The EUruralis project, in which the IMAGE-MAGNET system was coupled with the land allocation model CLUE and many other environmental indicators of Wageningen Environmental Research enabled a broad perspective and many new developments within MAGNET (Klijn et al., 2015, Rienks, et al. 2008, Verburg et al. 2008). For MAGNET it implied that in this period agricultural and land use related modules, segmented labour markets, and a specific Common Agricultural Policy (CAP) module were added. This opened the door for the influential Scenar2020 studies for DGAgri of the European Commission (Figure 3). In SCENAR2020, Wageningen Economic Research assessed key Common Agricultural Policy scenarios for DGAgri. The study concluded that liberalisation would not lead to a huge reduction in agricultural production in the EU, as was often feared, but to a strong decrease in land prices (40%), as shown in Figure 3, and severe structural change as the number of farmers would further decrease (Nowicki et al. 2006, 2009, Banse et al. 2008a). So, the CAP was not a policy to secure food production in the EU but a social policy. At the end it was the only impact study mentioned in the new CAP proposal of the EC.
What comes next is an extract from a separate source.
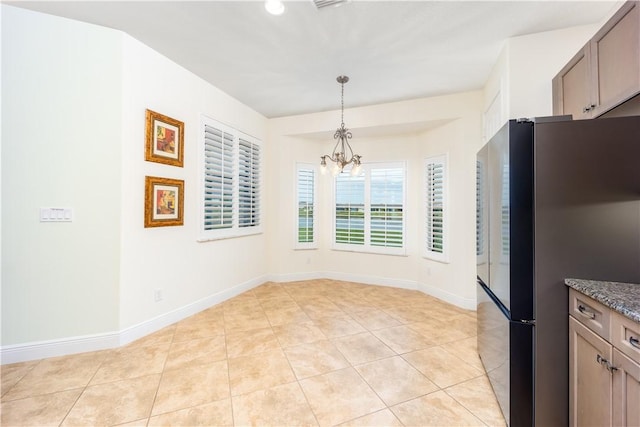 1122 4th Ln SW, Vero Beach, FL 32962 - unfurnished dining area featuring a chandelier, light tile patterned flooring, and baseboards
Theme 4: Bio-based economy

In early 2000s, biofuels entered the agricultural arena and the EU biofuel directive of 10% biofuels induced a new policy-driven demand category for agricultural products and created a direct linkage between the agricultural and energy markets (Banse et al. 2008b, 2011,2014). Figure 4 shows that the long-term declining trend in real agricultural prices (in orange) may slow down or even reverse, when biofuels (in green) enter the scene. Noticeable is also a slight drop in fossil fuel prices as fossil is substituted by biomass, which will create the already mentioned rebound effect (Smeets et al. 2014).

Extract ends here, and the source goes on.